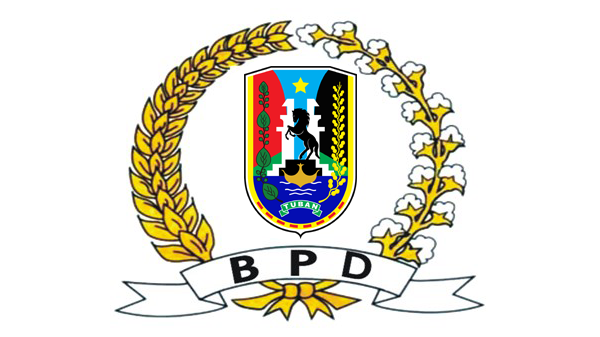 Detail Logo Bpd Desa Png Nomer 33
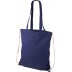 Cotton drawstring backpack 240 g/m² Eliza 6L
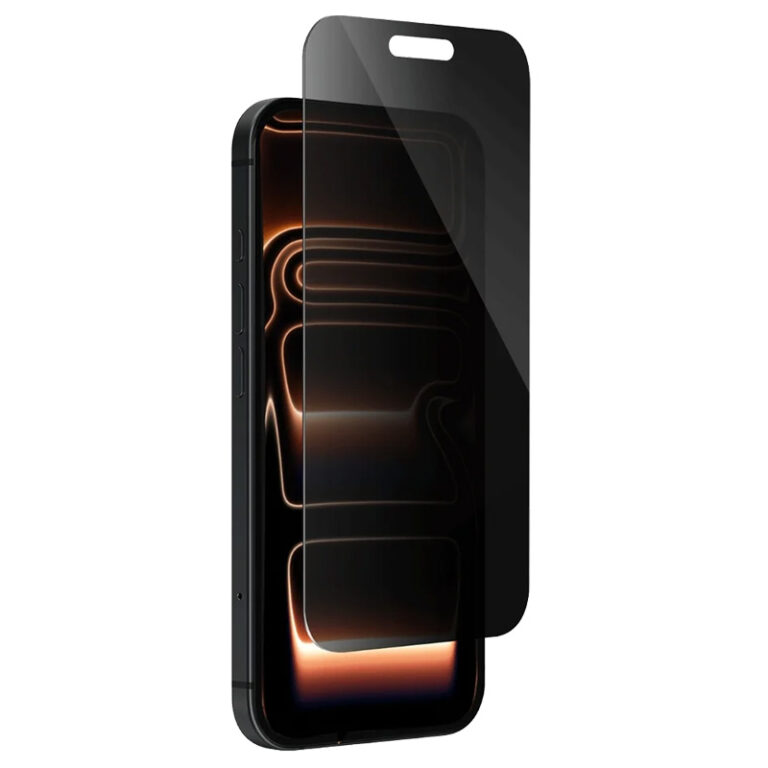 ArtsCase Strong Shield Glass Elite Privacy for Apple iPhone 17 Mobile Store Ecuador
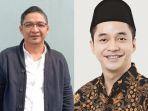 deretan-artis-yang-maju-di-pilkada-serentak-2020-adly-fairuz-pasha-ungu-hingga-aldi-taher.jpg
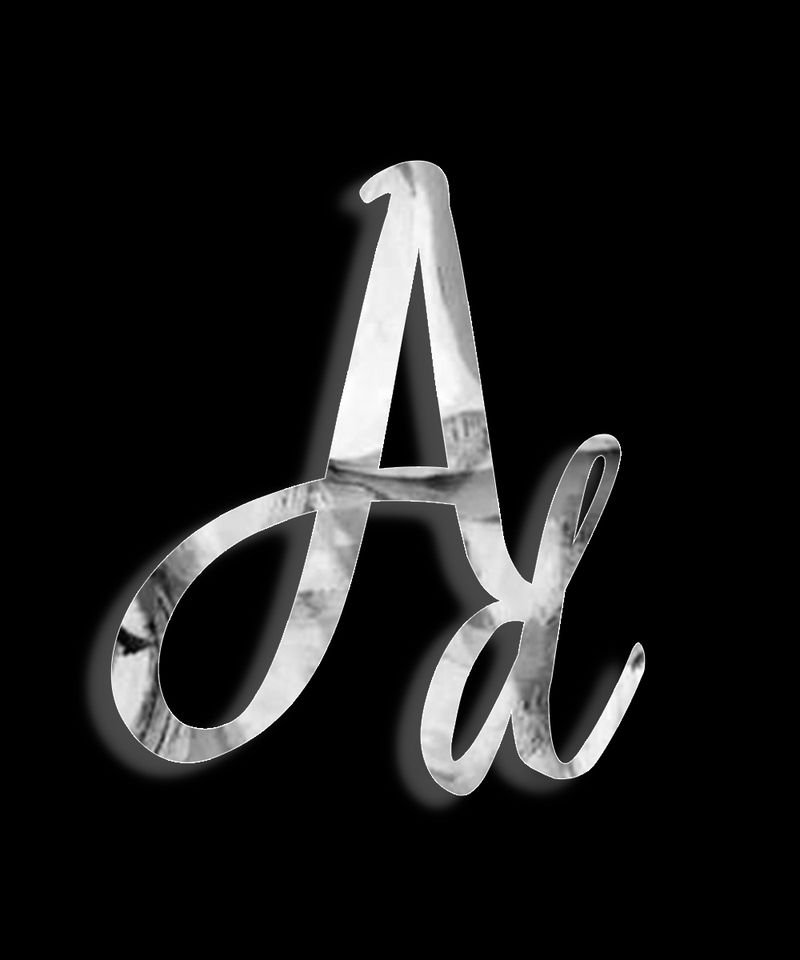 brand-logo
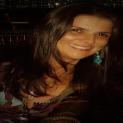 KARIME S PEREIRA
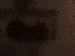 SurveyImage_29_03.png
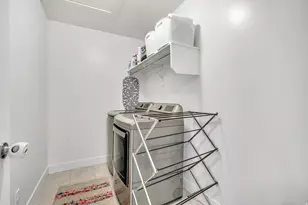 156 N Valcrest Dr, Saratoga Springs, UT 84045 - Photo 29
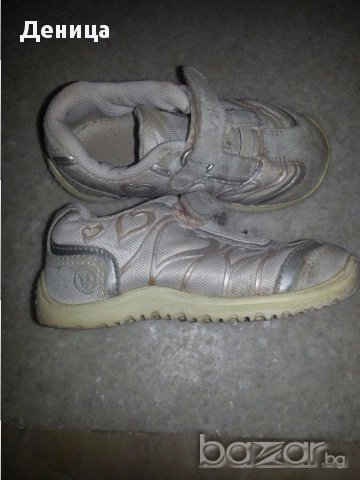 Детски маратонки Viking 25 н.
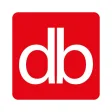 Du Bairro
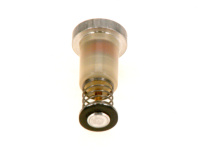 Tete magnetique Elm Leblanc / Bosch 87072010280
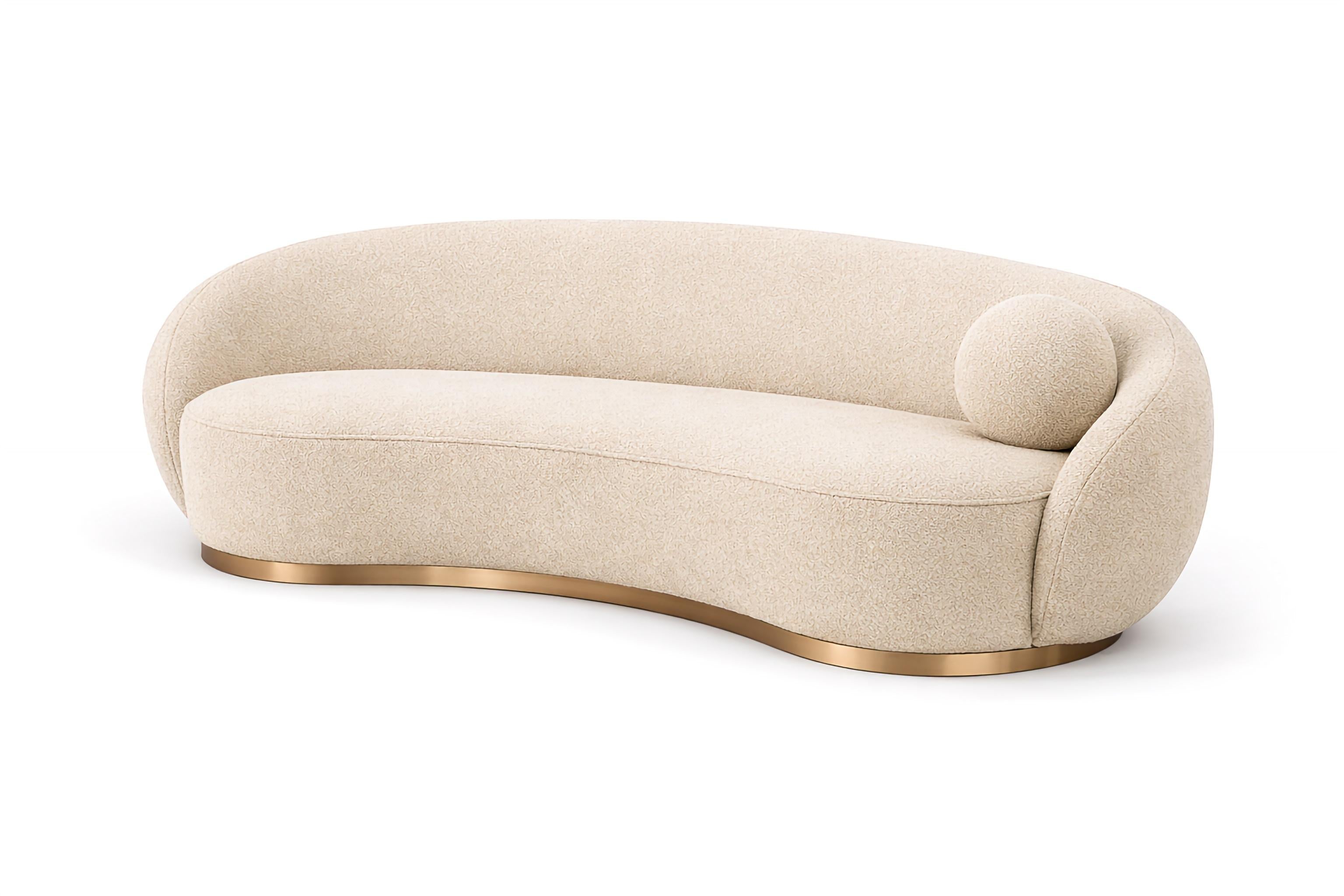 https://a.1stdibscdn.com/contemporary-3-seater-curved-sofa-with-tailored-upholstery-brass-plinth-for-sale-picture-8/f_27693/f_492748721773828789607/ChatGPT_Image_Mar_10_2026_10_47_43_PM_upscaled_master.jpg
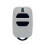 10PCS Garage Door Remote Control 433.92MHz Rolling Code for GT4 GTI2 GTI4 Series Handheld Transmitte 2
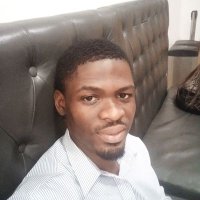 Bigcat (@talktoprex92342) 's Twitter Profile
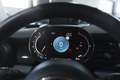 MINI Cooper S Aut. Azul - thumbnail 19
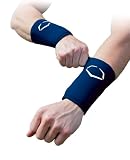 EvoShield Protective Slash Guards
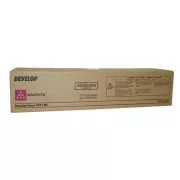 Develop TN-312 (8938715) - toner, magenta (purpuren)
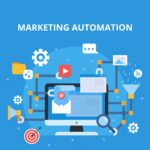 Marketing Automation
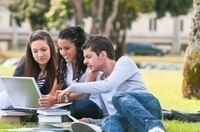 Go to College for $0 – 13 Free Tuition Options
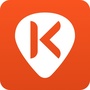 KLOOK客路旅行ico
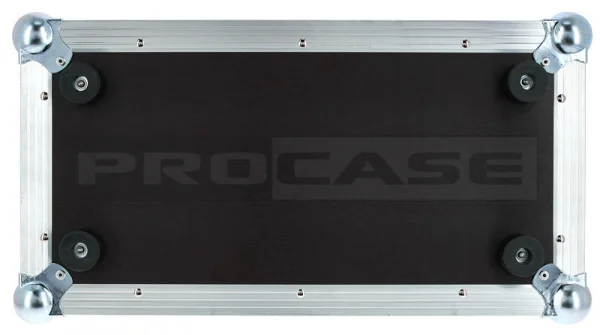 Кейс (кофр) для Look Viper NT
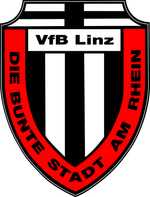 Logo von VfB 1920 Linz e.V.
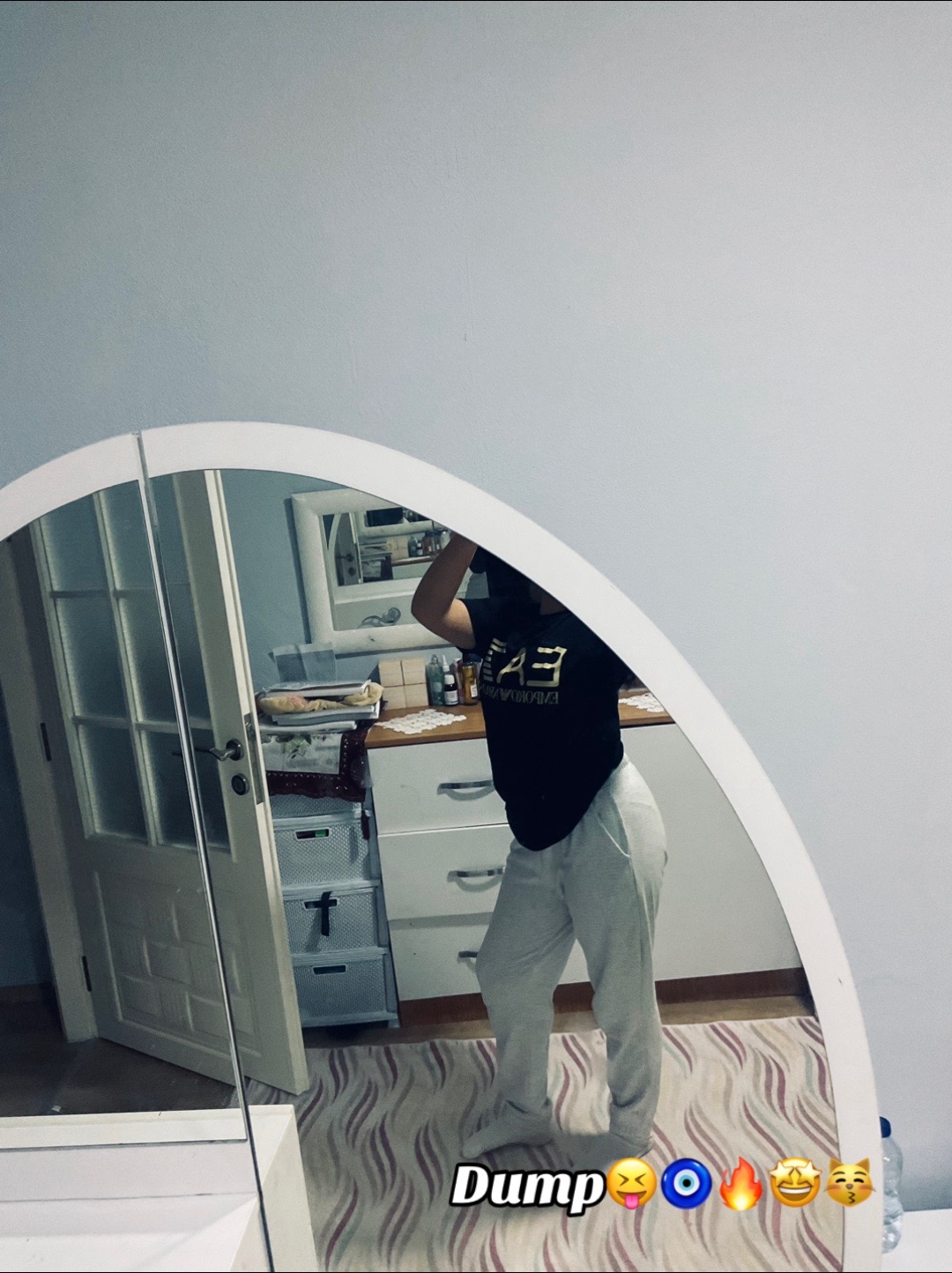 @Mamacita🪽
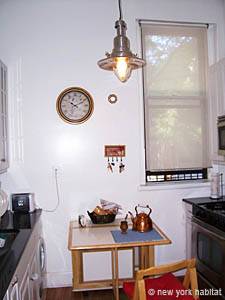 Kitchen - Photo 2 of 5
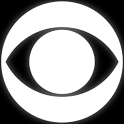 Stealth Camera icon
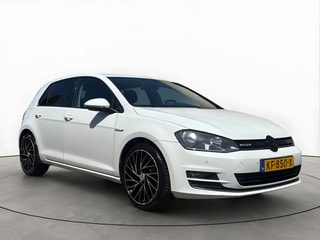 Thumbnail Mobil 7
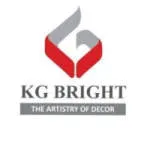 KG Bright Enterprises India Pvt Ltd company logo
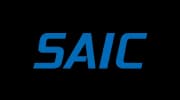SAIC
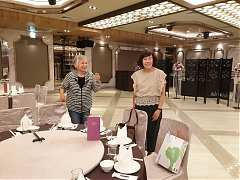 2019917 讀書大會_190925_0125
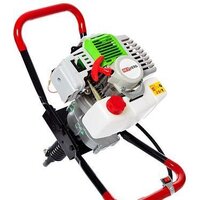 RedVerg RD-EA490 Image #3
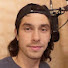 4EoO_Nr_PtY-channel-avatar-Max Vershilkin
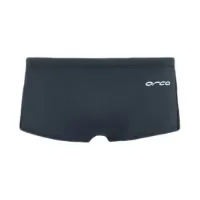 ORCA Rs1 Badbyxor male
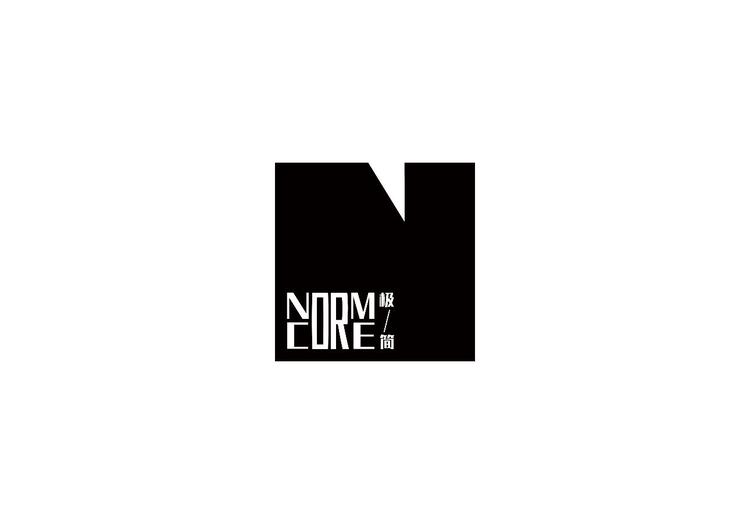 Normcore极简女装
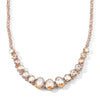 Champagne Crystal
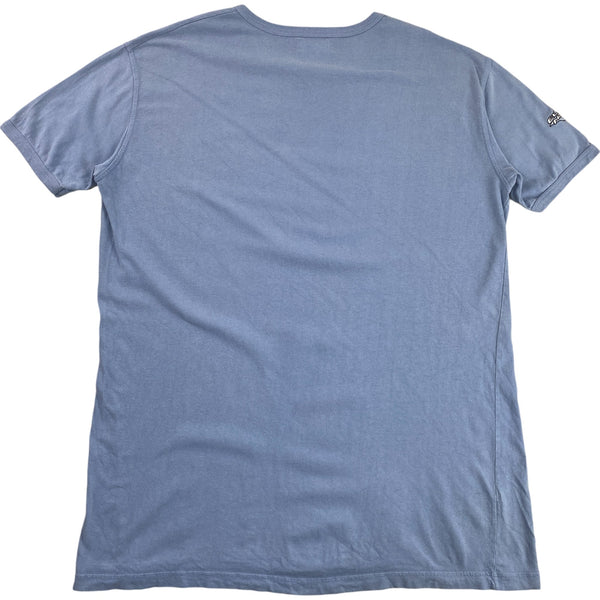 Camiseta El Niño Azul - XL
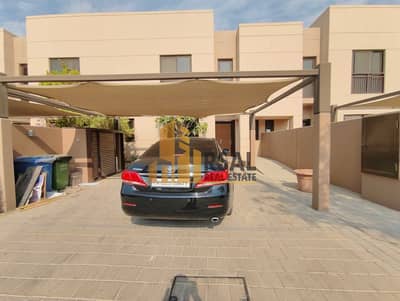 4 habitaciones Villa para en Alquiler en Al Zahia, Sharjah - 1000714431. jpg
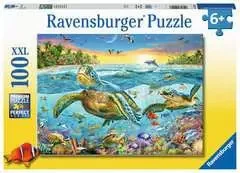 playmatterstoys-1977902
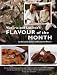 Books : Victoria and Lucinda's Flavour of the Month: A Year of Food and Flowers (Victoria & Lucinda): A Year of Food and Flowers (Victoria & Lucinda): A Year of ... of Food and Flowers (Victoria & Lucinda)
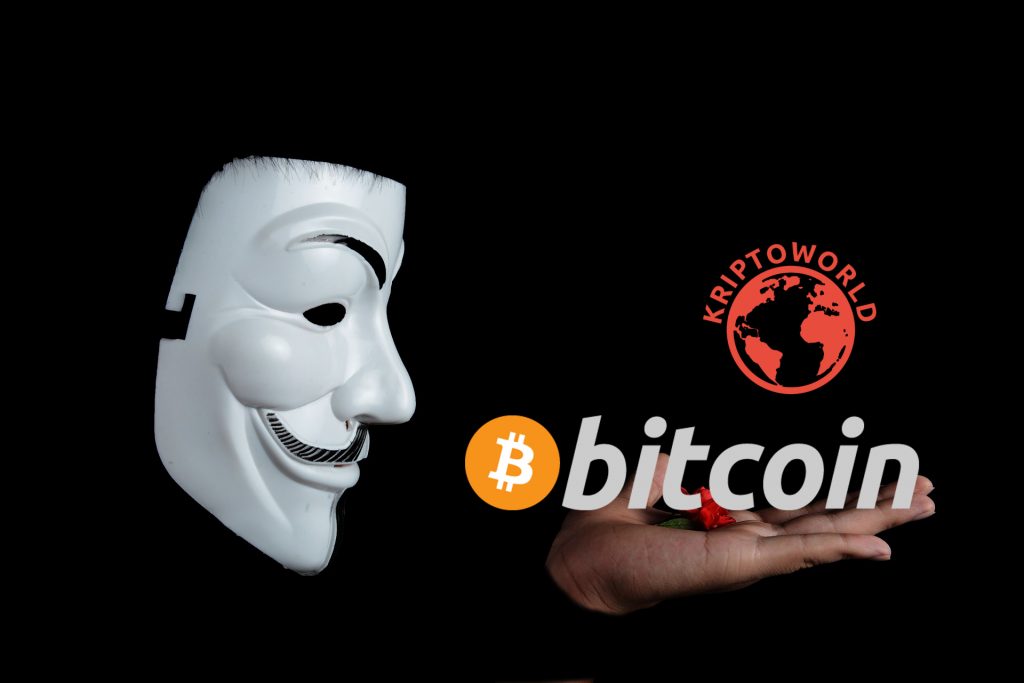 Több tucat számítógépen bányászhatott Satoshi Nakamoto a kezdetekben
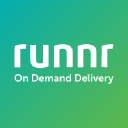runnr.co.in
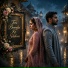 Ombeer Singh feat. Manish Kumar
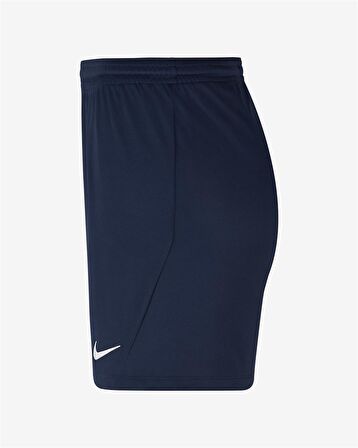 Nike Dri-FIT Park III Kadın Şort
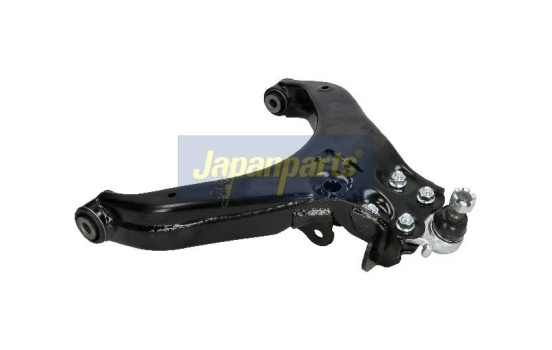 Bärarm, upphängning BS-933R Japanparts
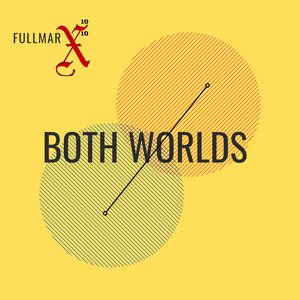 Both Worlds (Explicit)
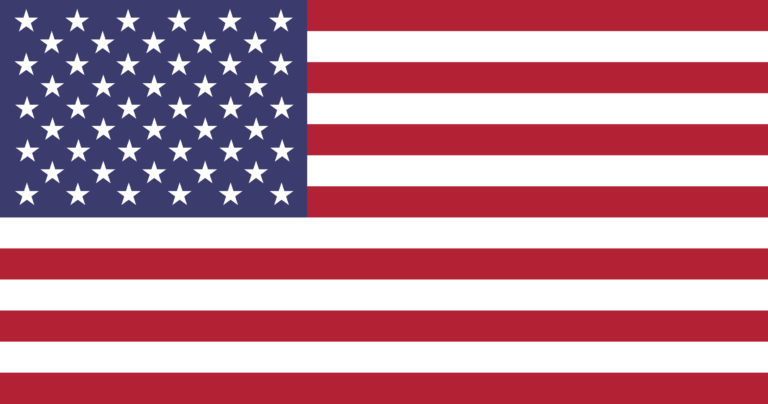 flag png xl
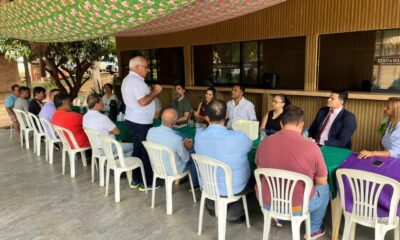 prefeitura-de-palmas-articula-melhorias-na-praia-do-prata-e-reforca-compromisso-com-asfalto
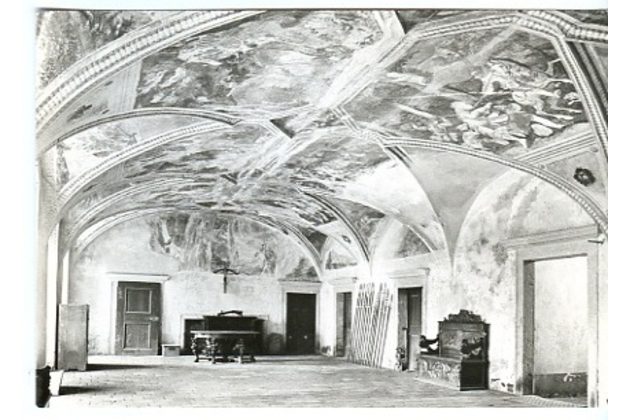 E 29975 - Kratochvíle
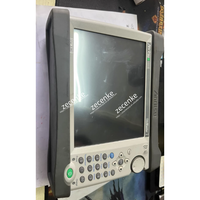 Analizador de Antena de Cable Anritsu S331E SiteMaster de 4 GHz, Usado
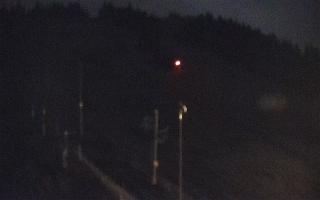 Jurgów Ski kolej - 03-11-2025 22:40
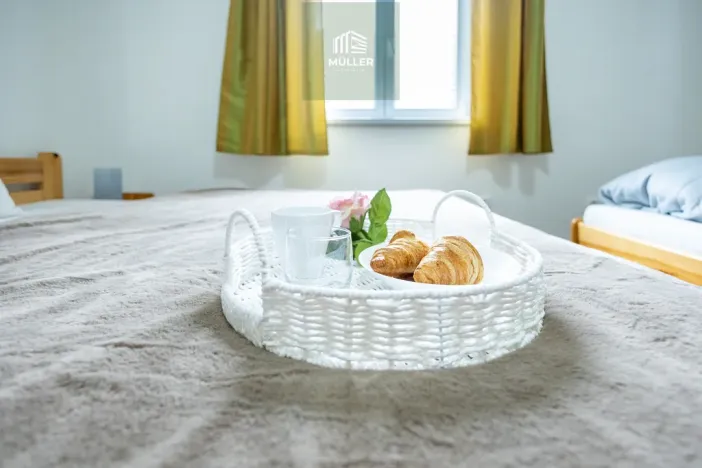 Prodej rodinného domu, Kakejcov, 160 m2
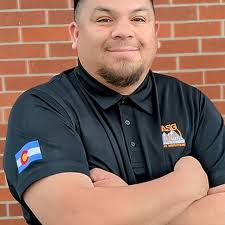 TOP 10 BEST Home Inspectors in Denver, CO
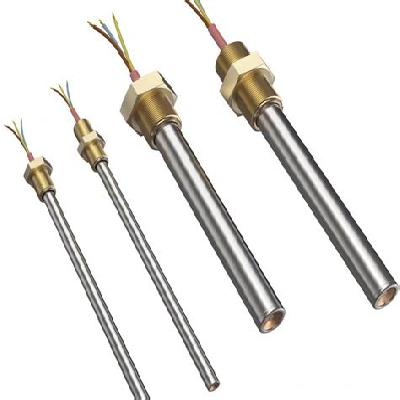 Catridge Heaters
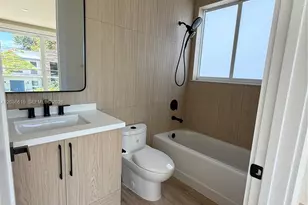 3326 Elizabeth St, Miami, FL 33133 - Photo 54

::::::

• Problem requirements
Above is the material; set down exactly its lines from the one containing "Nike Dri-FIT Park III Kadın Şort" down to the one containing "Prodej rodinného domu, Kakejcov, 160 m2", both included, leaving out any pictures.

• Written response
 Nike Dri-FIT Park III Kadın Şort
 Bärarm, upphängning BS-933R Japanparts
 Both Worlds (Explicit)
 flag png xl
 prefeitura-de-palmas-articula-melhorias-na-praia-do-prata-e-reforca-compromisso-com-asfalto
 E 29975 - Kratochvíle
 Analizador de Antena de Cable Anritsu S331E SiteMaster de 4 GHz, Usado
 Jurgów Ski kolej - 03-11-2025 22:40
 Prodej rodinného domu, Kakejcov, 160 m2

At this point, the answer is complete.